Human Rights Watch called on the European Union and the new US administration to take a stronger stance on progress on human rights in Uzbekistan and to press the government to free imprisoned rights defenders.
In the December 30 incident, a prison lieutenant accused Karamatov of saying Muslim prayers and having too long a beard, the sign of an observant Muslim. Karamatov's wife said that he does not wear a beard and has not prayed aloud while in prison. Praying, especially in groups, is often prohibited for prisoners in Uzbekistan. The Karimov government for years has been involved in fighting what it considers an Islamist threat, mostly by persecuting such independent Muslims who pray and study religion outside official institutions and guidelines.
Karamatov, an active member of the Human Rights Society of Uzbekistan in Gulistan, in Syrdaryo province, was arrested on April 29, 2006. He was sentenced to nine years of imprisonment on politically motivated charges of extortion after a trial in June 2006 that independent observers documented as unfair. According to his public defender, Karamatov confessed to the charges after being tortured. The defender said that investigators beat Karamatov on the soles of his feet, threw him to the ground, and suffocated him with a gas mask to coerce him to confess.
Karamatov developed severe tuberculosis in prison and was transferred to the prison hospital in October 2008. Human Rights Watch has called on Uzbekistan to free him on health grounds, and Karamatov's lawyer also filed a request for Karamatov's release on health grounds.
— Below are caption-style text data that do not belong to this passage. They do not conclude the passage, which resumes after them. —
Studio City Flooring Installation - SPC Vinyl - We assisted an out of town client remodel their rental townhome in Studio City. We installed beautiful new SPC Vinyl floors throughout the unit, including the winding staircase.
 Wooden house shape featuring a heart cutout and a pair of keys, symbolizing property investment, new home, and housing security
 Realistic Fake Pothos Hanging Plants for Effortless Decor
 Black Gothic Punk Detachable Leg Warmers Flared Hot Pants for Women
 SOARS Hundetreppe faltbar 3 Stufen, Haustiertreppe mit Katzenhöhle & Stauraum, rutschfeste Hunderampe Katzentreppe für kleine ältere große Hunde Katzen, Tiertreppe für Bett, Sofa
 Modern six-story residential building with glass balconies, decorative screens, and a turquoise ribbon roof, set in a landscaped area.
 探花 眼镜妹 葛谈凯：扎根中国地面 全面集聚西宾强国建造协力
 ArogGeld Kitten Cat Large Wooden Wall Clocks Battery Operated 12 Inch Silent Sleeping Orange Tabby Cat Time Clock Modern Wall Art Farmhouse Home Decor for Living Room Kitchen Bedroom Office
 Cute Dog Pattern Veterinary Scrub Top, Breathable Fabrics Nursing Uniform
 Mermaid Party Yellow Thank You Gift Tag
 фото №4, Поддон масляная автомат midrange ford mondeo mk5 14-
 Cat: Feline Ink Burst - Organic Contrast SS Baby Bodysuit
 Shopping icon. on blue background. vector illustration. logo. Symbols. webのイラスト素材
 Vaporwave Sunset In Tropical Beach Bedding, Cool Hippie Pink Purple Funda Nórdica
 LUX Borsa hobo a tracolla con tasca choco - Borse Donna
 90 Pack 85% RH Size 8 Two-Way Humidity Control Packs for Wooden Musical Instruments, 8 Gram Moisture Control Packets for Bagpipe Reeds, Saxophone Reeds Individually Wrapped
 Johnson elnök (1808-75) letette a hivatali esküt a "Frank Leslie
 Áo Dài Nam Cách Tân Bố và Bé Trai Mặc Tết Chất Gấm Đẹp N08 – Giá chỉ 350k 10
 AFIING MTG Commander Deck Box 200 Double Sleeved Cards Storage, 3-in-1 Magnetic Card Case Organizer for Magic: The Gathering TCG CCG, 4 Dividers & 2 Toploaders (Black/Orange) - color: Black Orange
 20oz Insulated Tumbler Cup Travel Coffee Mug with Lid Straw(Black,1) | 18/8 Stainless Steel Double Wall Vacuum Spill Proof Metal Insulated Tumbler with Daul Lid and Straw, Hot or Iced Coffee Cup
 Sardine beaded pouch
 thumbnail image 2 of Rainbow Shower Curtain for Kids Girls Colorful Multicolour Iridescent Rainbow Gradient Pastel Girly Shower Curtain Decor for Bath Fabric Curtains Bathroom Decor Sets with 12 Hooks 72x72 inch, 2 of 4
On January 27, 2009, the authorities denied the request, claiming that his condition had improved.
Human Rights Watch has expressed its serious concern over the health of several imprisoned human rights defenders in Uzbekistan, and has documented cases in which the authorities not only have failed to provide adequate medical care to such prisoners, but have actively undermined their health through torture, ill-treatment and the use of psychotropic drugs.
Human Rights Watch also submitted a report about human rights violations in Uzbekistan on December 3, in connection with the UN Human Rights Council's Universal Periodic Review.
In a hugely disappointing move on October 13, EU foreign ministers decided to lift the visa ban on eight former and current Uzbek government officials thought to have been responsible for the attack by police on mostly unarmed demonstrators in the city of Andijan in May 2005, killing hundreds of them.
The European Union pledged to keep the situation under review and called on Uzbek authorities, among other things, to release all imprisoned human rights defenders and to cease their harassment. The EU cited progress in human rights as a justification for easing the sanctions, but at least 11 human rights defenders remain in prison, as well as dozens of other political prisoners and thousands of "religious prisoners" (whom the Uzbek government portrays as "extremists").
Human Rights Watch called on the EU to urge the Uzbek government to free human rights defenders who are still jailed in Uzbekistan.
"The international community, particularly the EU and the US, should make the release of Karamatov and other human rights defenders a precondition for future engagement with Uzbekistan," said Vorontsov. "This is a chance for the new US administration to take a stronger position on human rights issues in Uzbekistan. A strong international signal will not go unnoticed by the Uzbek leadership."